No entanto, os sinais de mudança são cada vez mais evidentes. A pressão da procura, a necessidade de acelerar a resposta à crise habitacional e o aumento do interesse internacional estão a criar condições para que esta transformação avance. A construção industrializada começa a ser vista não como uma alternativa, mas como uma parte essencial da solução.
E a verdade é que Portugal tem condições para dar esse salto.
Tem talento técnico reconhecido, tem empresas com capacidade de adaptação e tem um mercado que exige soluções mais rápidas e eficientes. Tem também acesso crescente a tecnologia e a parceiros internacionais que podem acelerar este processo.
Mas para que isso aconteça, é necessário resolver o que continua a ser o maior entrave: a execução.
É preciso simplificar processos, reduzir tempos de licenciamento, criar maior previsibilidade e alinhar as diferentes entidades envolvidas. É necessário que as políticas públicas acompanhem a realidade do mercado e que deixem de existir desalinhamentos entre intenção e prática.
A industrialização da construção não pode ser tratada como um conceito isolado ou uma solução técnica. Tem de ser integrada numa estratégia mais ampla para o setor da habitação, que inclua financiamento, regulação, planeamento urbano e formação.

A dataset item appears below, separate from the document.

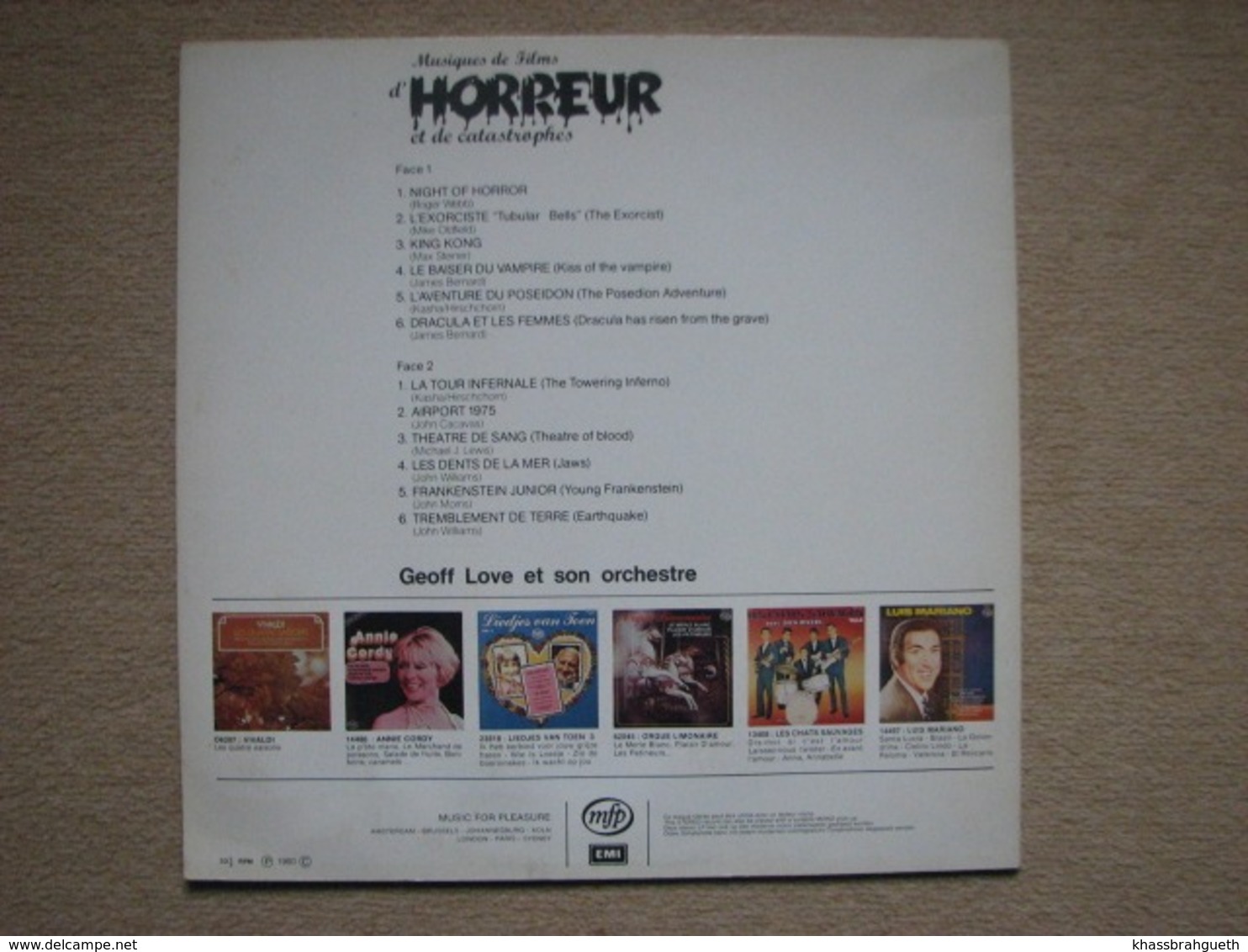 GEOFF LOVE - HORROR MOVIE THEMES - (EMI) (LP) - Musique De Films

Porque no final, o desafio da habitação em Portugal não é apenas construir mais.
É construir de forma diferente.
Mais eficiente, mais rápida, mais previsível e mais alinhada com as necessidades do mercado e da sociedade.
A construção industrializada oferece uma resposta clara a esse desafio. Não resolve tudo, mas resolve uma parte importante do problema.

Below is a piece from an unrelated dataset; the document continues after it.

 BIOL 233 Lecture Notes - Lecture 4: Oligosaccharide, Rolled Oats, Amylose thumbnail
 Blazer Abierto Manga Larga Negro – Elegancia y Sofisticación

A questão já não é se funciona. Isso está mais do que comprovado.
A questão é se estamos preparados para criar as condições para que funcione em escala.
Porque enquanto continuarmos a ter um sistema que trava aquilo que diz querer acelerar, vamos continuar a discutir soluções que já existem, sem nunca as implementar plenamente.
Portugal está num momento decisivo.
Tem a oportunidade de transformar o seu setor da construção e de responder de forma eficaz à crise habitacional.
Mas para isso, precisa de passar das intenções à execução.
E isso, como sabemos, é sempre a parte mais difícil.